As soon as Lancelot leaves her line of vision, our elf maiden finds her boat and sails on to the Grey Havens, because the gravity of Lancelot’s Instalove Tragedy is just that strong. This is not a serious story.

Oh, but it gets worse…

At the very edge of the Great Battle for All Light Vs. Dark, get this, we meet this random commander from the Enemy’s army. He might as well be named the Mouth of Sauron. In addition to the usual threats of annihilation, he threatens to take Guinevere captive with the same black swan that captured her the first time, and take her to Morgoth— I mean Maugrim— to rape. I should say, to rape again. (What, does he think the heroes will just hand her over?)

My first thought was, this is disgusting and gratuitous.

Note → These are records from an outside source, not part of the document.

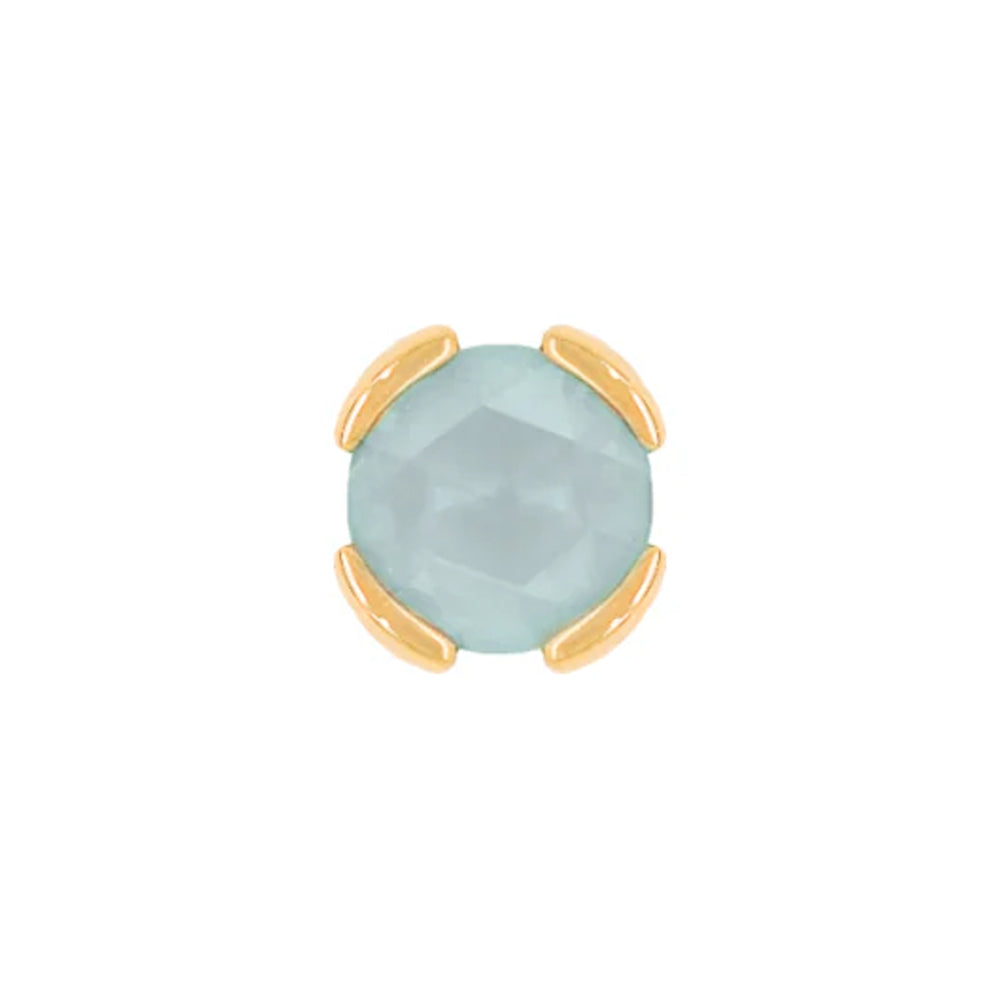 threadless: "Peekaboo" End in Gold with SANDBLASTED Rose Cut Aquamarine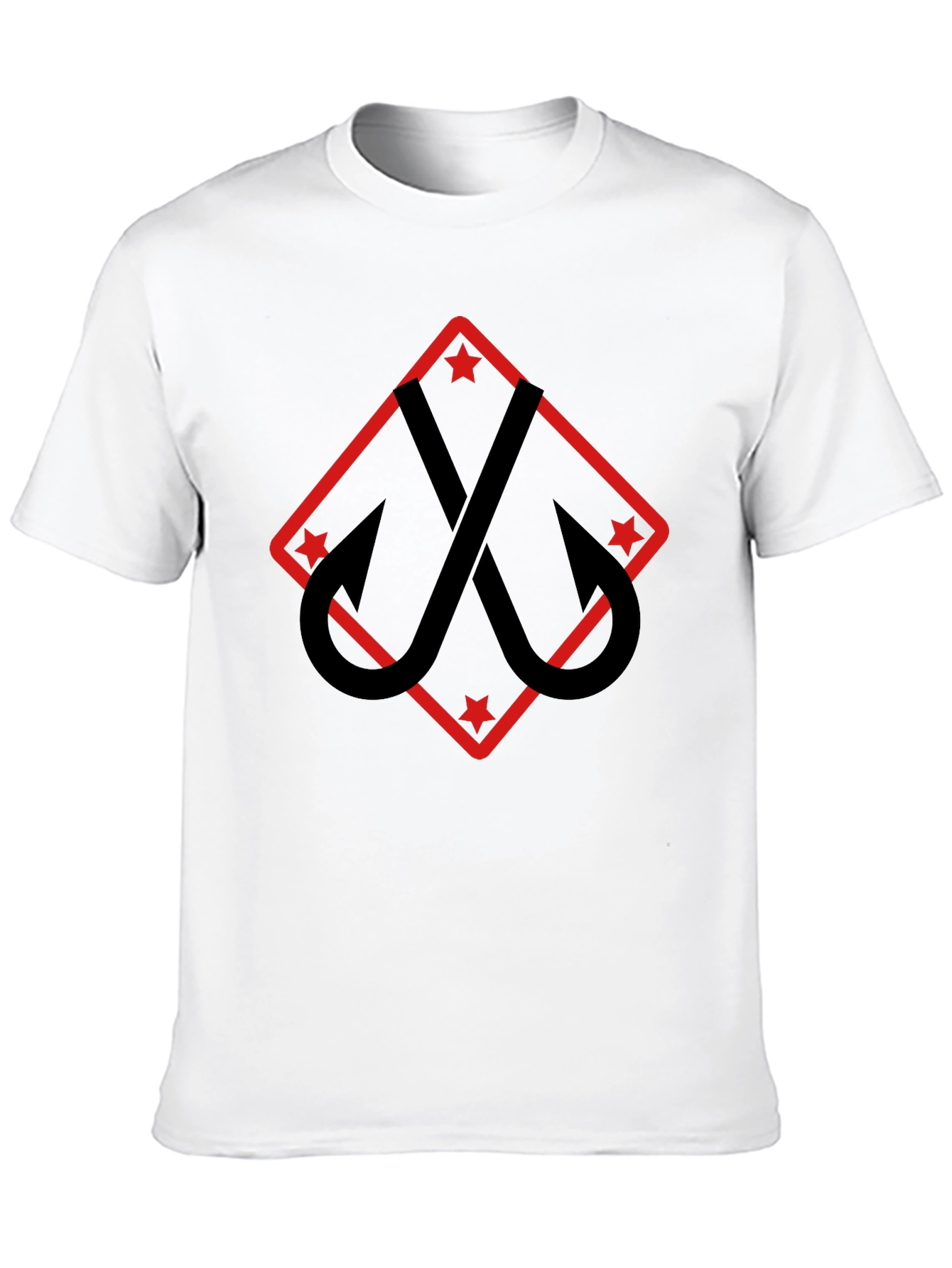 Fishing Hooks Tee - Black Cotton Graphic T-Shirt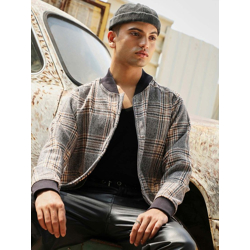 TARTAN PLAID CHECKED WINDCHEATER COTTON BOMBER JACKET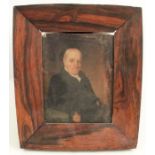 A 19th century oil on panel, portrait of Thomas Hale, 6.5ins x 5ins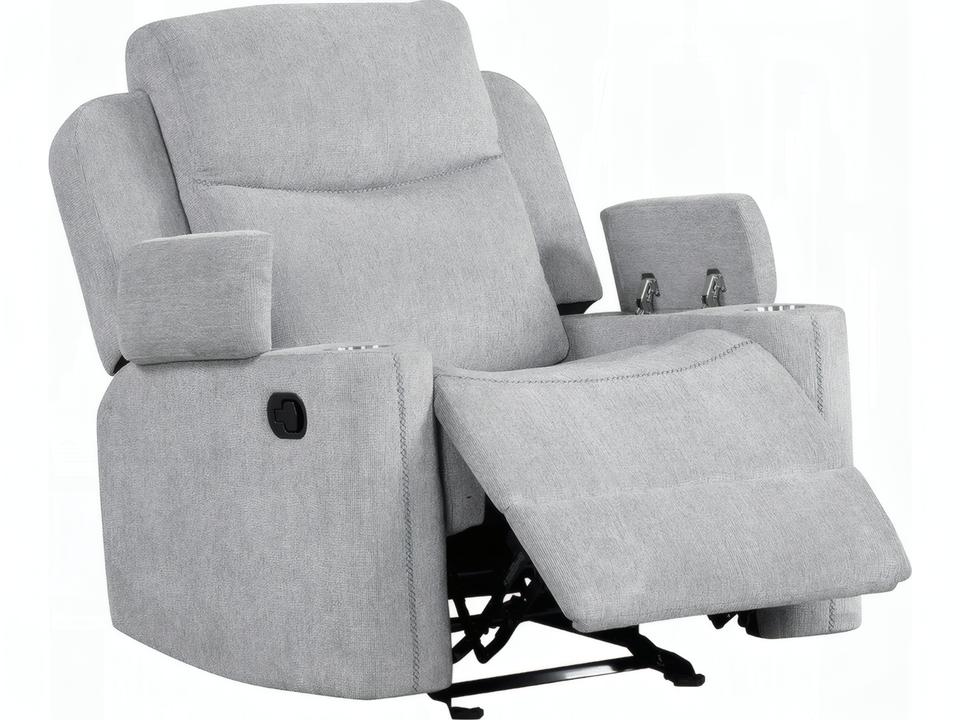 Galya Light Gray Chenille Upholstered Recliner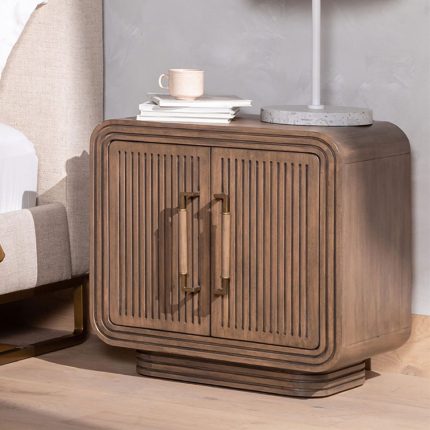 【Furniture】Grooved Base Nightstand (25" )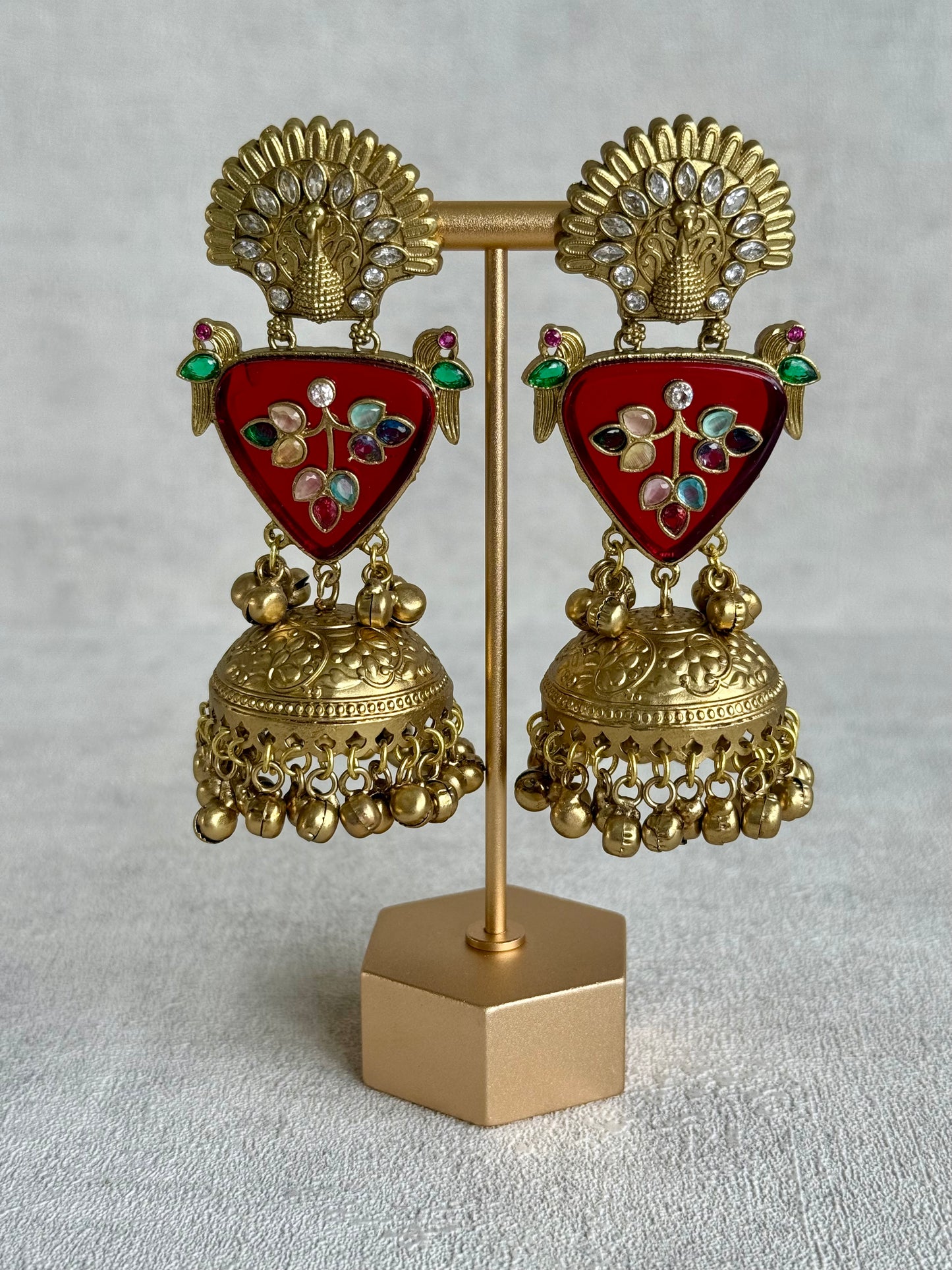 Ayura Designs Makali Earrings – Crimson Red Enamel with Multicolour Stones & Antique Gold Jhumkis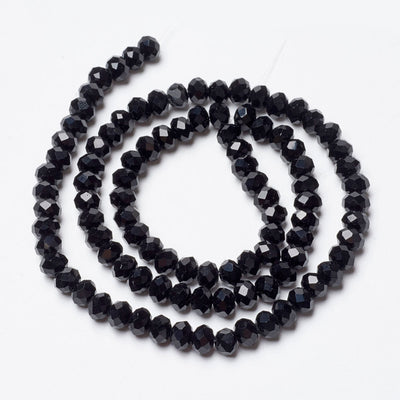 1 Strand of 6x5mm Faceted Glass Rondelle Beads ~ Black ~ approx. 88 beads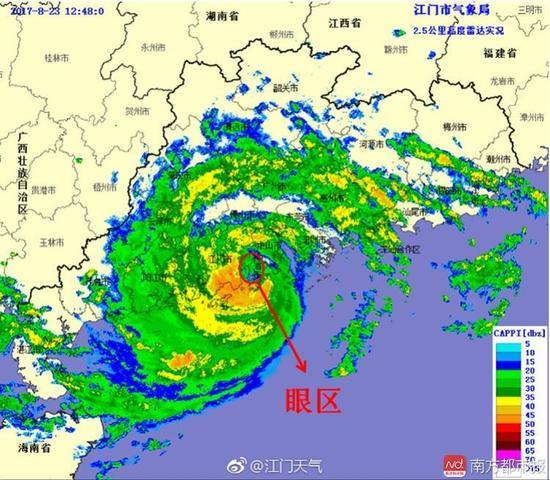 “天鸽”台风眼区有多大？ 直径达50—60公里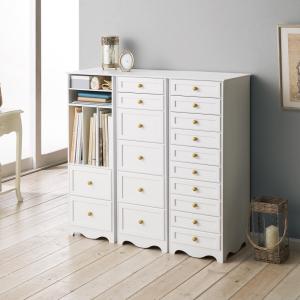 子供部屋 ベビー用品 収納 A4 パソコン 引き出し 付 日本製 すき間収納 シャビーシック シャビーシック風書類多段チェスト チェスト10段 BS0871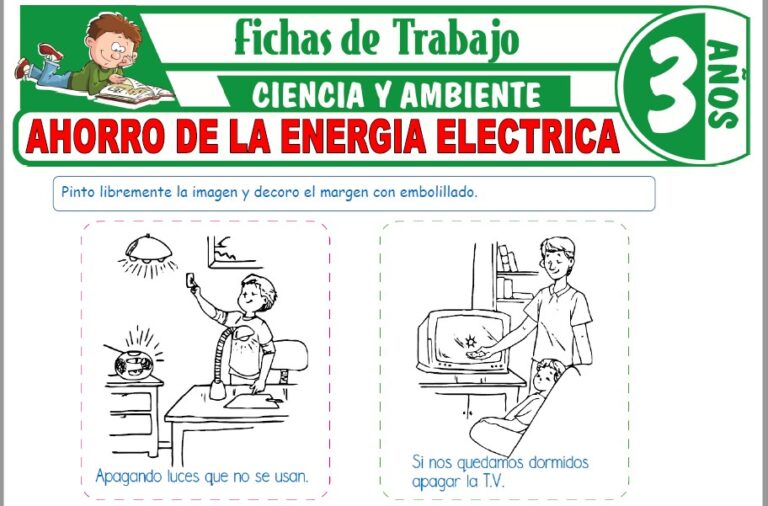 Ahorro de la energía eléctrica para Niños de Tres Años – Fichas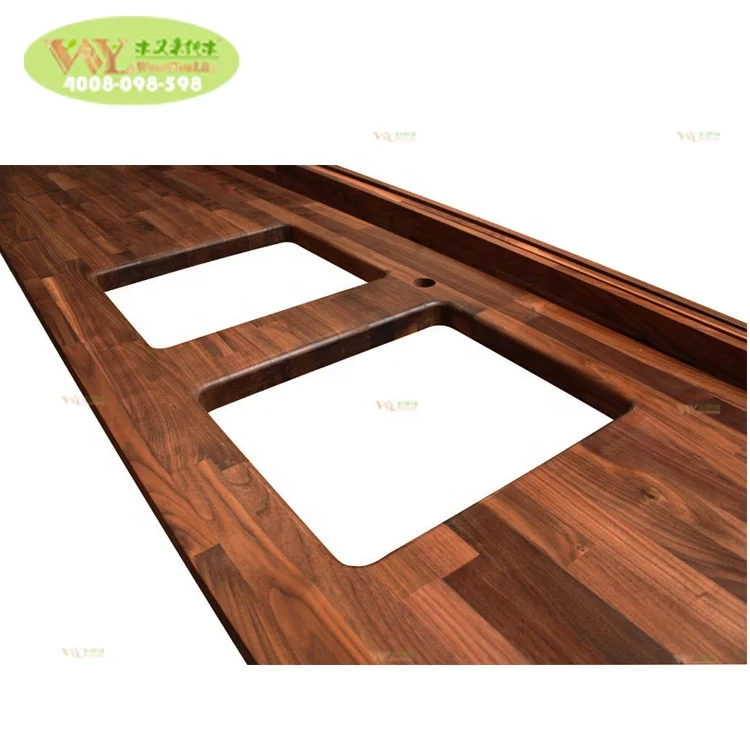 Walnut Wooden Kitchen Island Countertop Custom Solid Wood USA FJ Butcher Block Tabletop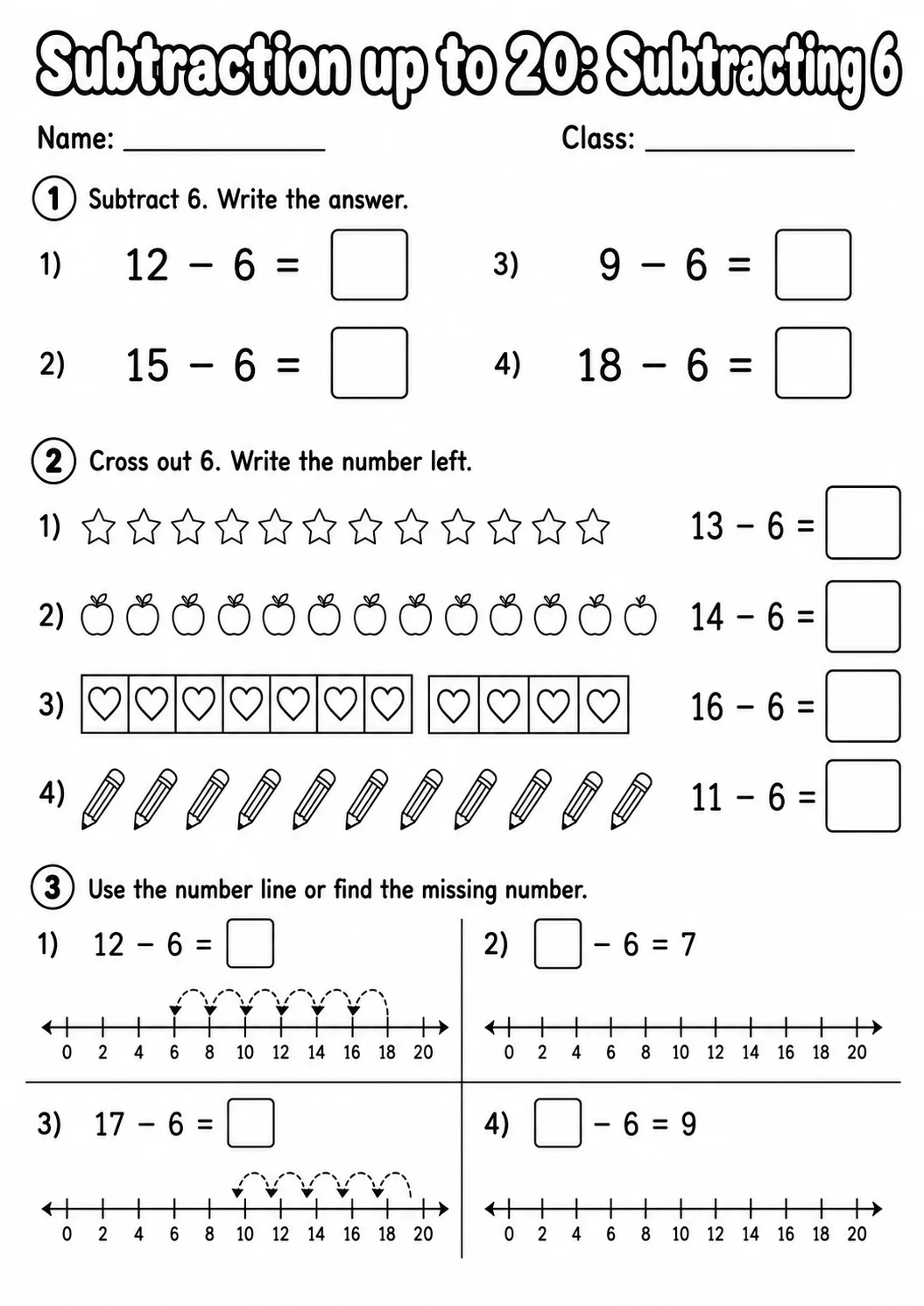 Grade 1 Subtraction up to 20 Math Worksheet Pack page 6 printable worksheet preview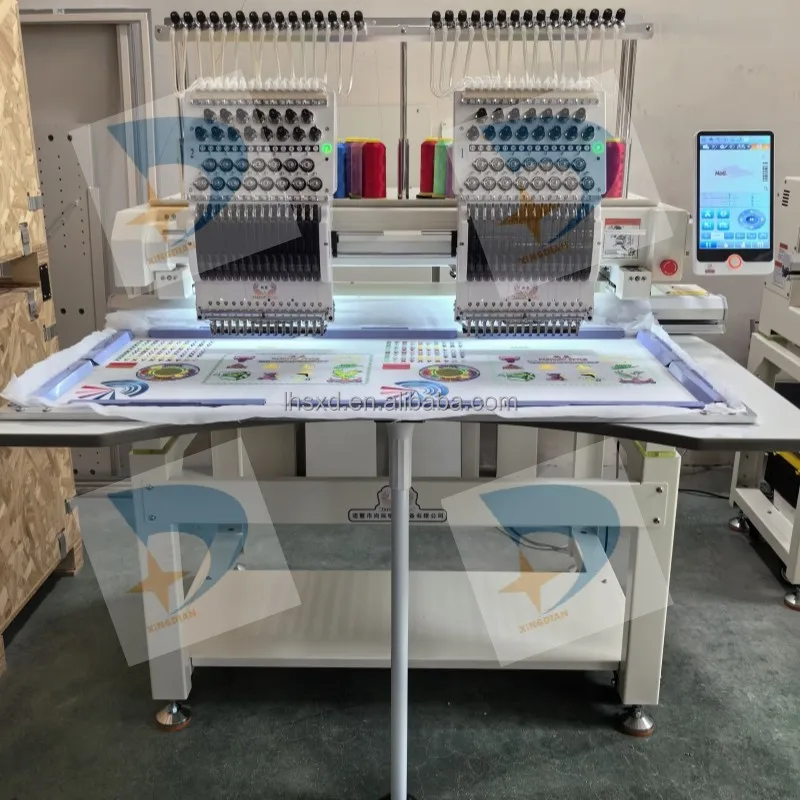 2 Head 15 Needles Embroidery Machine for Flat Hat T Shirt Cap Commercial Custom Logo Computerized Embroidery Machine for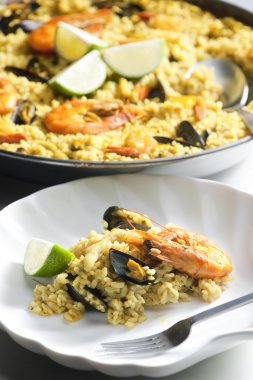 Paella with seafood clipart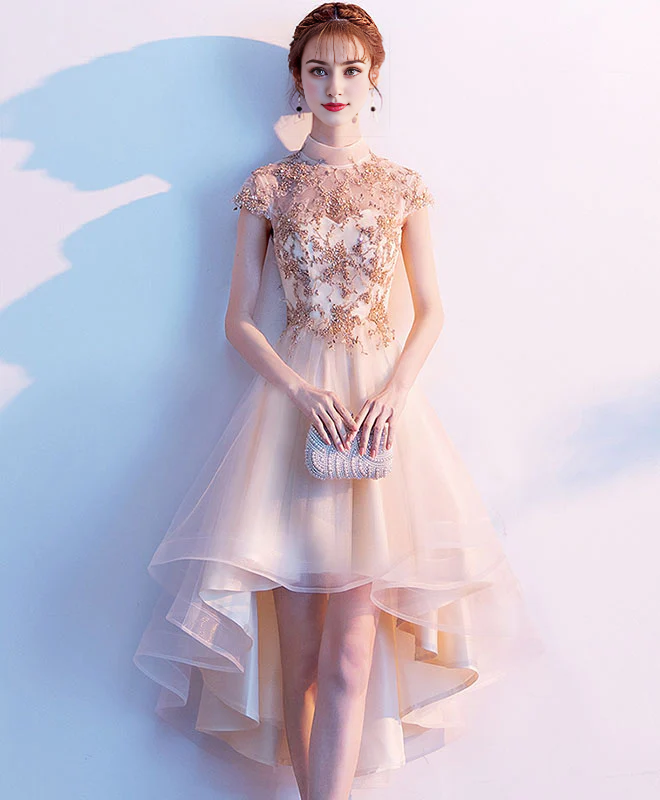 Robe de bal de fin d'année en tulle et dentelle, col mi-haut, coupe haute et basse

Then it turns into an argument among the heroes about WHO will fight a hopeless, certainly mortal fight to defend Guinevere’s honor. First Lance will do it, then Arthur says it’s his destiny. Guinevere clearly wants Lancelot to do it, and Arthur is like “but do you want this for the right REASONS,” and Gwen gets so mad she starts talking in ‘thees’ and ‘thous.’ And they bicker for so long that Diaurmud, who has ALWAYS been the author’s personal favorite, charges out and fights the Mouth of Sauron himself, and dies in what is probably the most glorious purpose that Guy Gavriel Kay can think of: Defending Guinevere’s fucking honor.

It’s incredibly stupid.

Diarmud was, really, just unlucky the one time it counted. THREE TIMES Kay spares a beloved character— he rescues them at the last second from what should have been a certain death. A death, moreover, that was fairly earned.

(Pwyll on the summer tree, Tabor’s magical horse threw him, and Lancelot brought Matt Soren back to life in Caer Sedat. And technically Lancelot himself vs. the earth elemental, but Lance is Kay’s dearest darlingest so he’s immune from death altogether).

And yet…

It works, because somehow the resurrections/second chances feel earned, too. Kay does interesting things with characters on their second life. Also, it’s often enough he sends someone to death, with no redemption.

And yet, that does bring me to something I really enjoyed: Kevin’s fate to die as Liadon did, in the arms of the Great Goddess, in order to bring back the spring. On an icebound Midsummer Eve, Kevin hears Liadon’s story for the first time, and realizes… that’s him, that’s his story. He walks silently, on bare feet to the cave…

And there an old, old woman meets him, challenges him. Kevin opens his arms to her and falls into her embrace. In the morning there will be red flowers blooming.

And afterwards, his former lover realizes that Kevin has always been traveling towards this fate. The giveaway was something only a lover could see: how it would take Kevin so long to “come back” after the act of love. Always traveling towards Fionavar, towards Paras Derval on Maidaladan. Beautifully woven.

Unfortunately, Kay needed some balance of the sexuality scales, because…

The women are always rewards for men. And they’re always offering themselves. A guy could be ancient with one foot in the grave and the local nubile cheiftain’s daughter will inform him breathlessly “I’d lie down with you in gladness any time you asked,” because that is totally a normal thing to just, toss out there, to a man old enough to be your grandfather, that you’ve known all your life. Right.

Maybe that’s Kay working AGAINST the prevailing sci-fi / fantasy tropes of the day— instead of your morally grey heroes raping any woman they want, you get the women SLIPPING into bed with the heroes, of their own free will. Empowered. Right. Yes.

But is this world built on primogeniture and patriarchy (and therefore a system that prioritizes female chastity especially among the nobly-born)--- or ISN’T IT.

That’s a rather ungracious note on which to end the review. I haven’t even mentioned Darien, or Finn, or Laila’s unusual journey to become High Priestess. But I want to post this review before Fionavar fades from the freshness of my memory. Because I will remember this series, and probably come back to it someday on a big Kay reread. I’m glad I read it, and I’m glad the beautiful omnibus edition is in my family’s library.

Bright be the thread of your days, Reader.